Lumpias are spring rolls of Chinese origin that have become a staple food in Indonesia and the Phillipines. Filled with Pork and vegetables, they are usually fried until golden brown and crisp. Their cheap cost and ease of prep makes these a great meal to make a batch of and fry up a few at a time all week.
- 2 lbs Ground Pork
- 1 Onion
- 3 Carrots
- 5-6 Green Onions
- 1/2 Head of Cabbage
- Soy Sauce
- Salt and Pepper
- Lumpia Wrappers
- In Large skillet, cook the Pork until there is no pink left. Remove the Pork and set aside.
- Using the leftover oil, fry the Garlic and Onion for a few minutes then add in the Pork, Carrots, Green Onions, Cabbage, Salt / Pepper and Soy Sauce.

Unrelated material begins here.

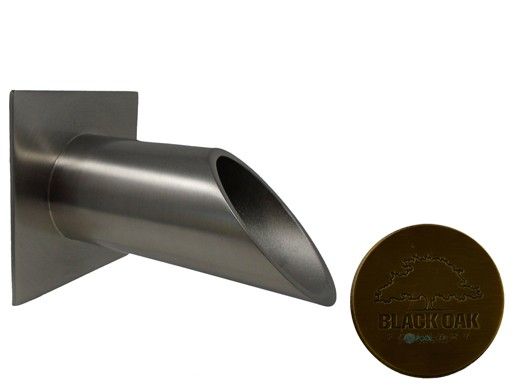 Black Oak Foundry 2" Deco Wall Scupper with Square Backplate | Antique Brass / Bronze Finish | S922-AB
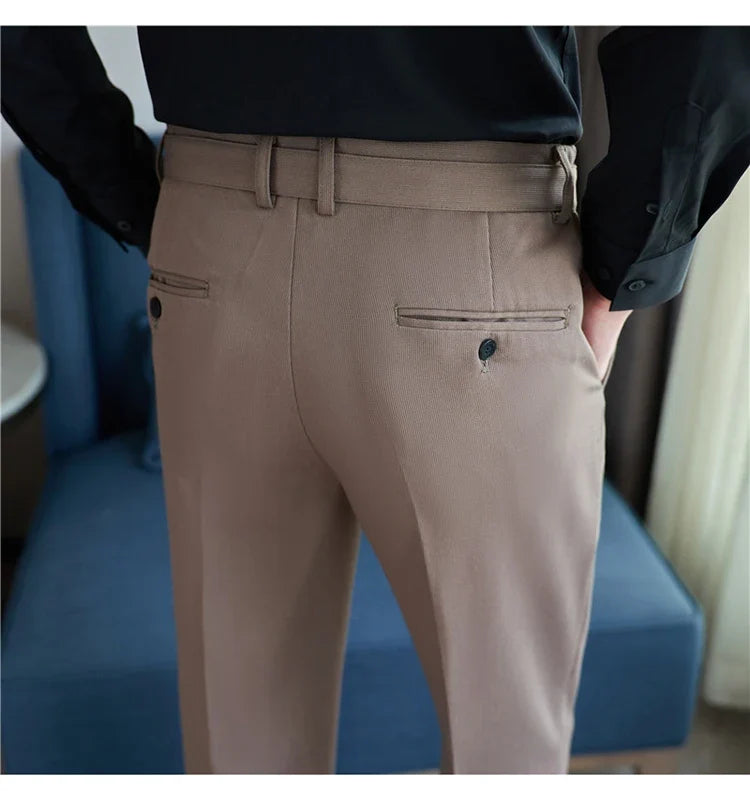 Fashion Belt Decoration Design Men's Suit Pants High Quality Business Slim Fit Casual Straight Formal Wedding Party Trousers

- Place this on a plate and allow it to cool in the fridge for 30 minutes or so.
- Lay out a Lumpia wrapper and spoon out some filling near one corner. Pour out a line of Sriracha on top and then roll this up tightly, folding in the sides and then wet the wrapper to keep it sticking. Make sure to wrap these up with saran wrap so that they don’t dry out.
- Fry for a few minutes on each side until the wrapper is golden brown and crispy. Serve with your favorite sauce.